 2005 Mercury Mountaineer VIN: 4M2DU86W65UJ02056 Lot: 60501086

____________________

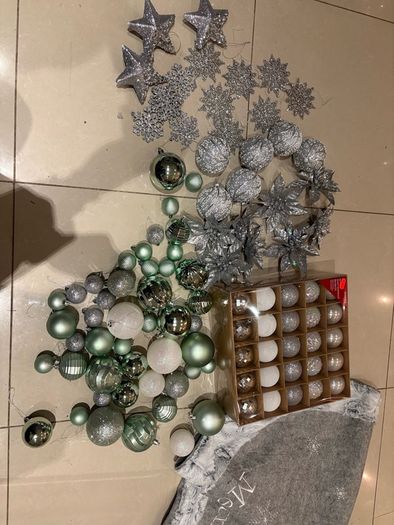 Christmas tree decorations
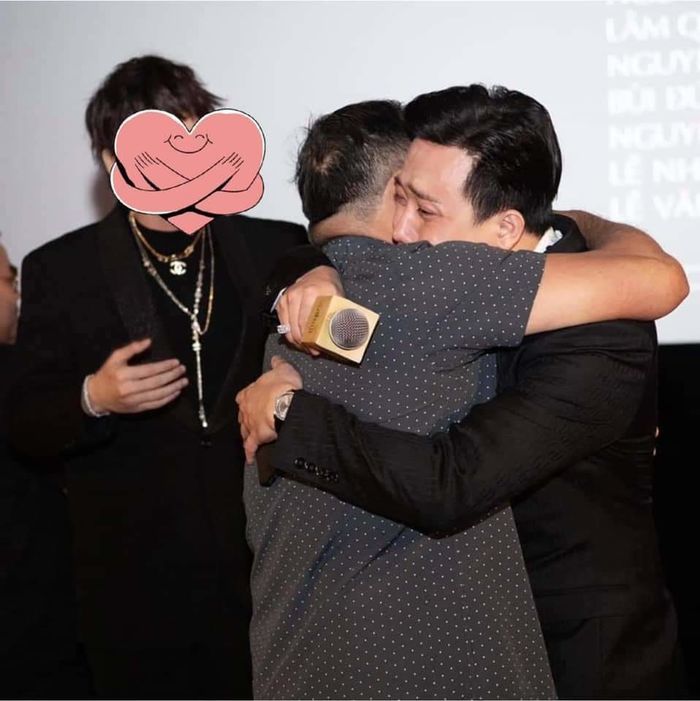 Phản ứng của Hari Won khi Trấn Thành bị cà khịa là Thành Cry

____________________

AIM OF THE TASK> What should come back is an exact copy of the lines above from the line with "Christmas tree decorations" to the line with "Phản ứng của", both included, minus the pictures.

PROBLEM SOLUTION>
 Christmas tree decorations
 Phản ứng của Hari Won khi Trấn Thành bị cà khịa là Thành Cry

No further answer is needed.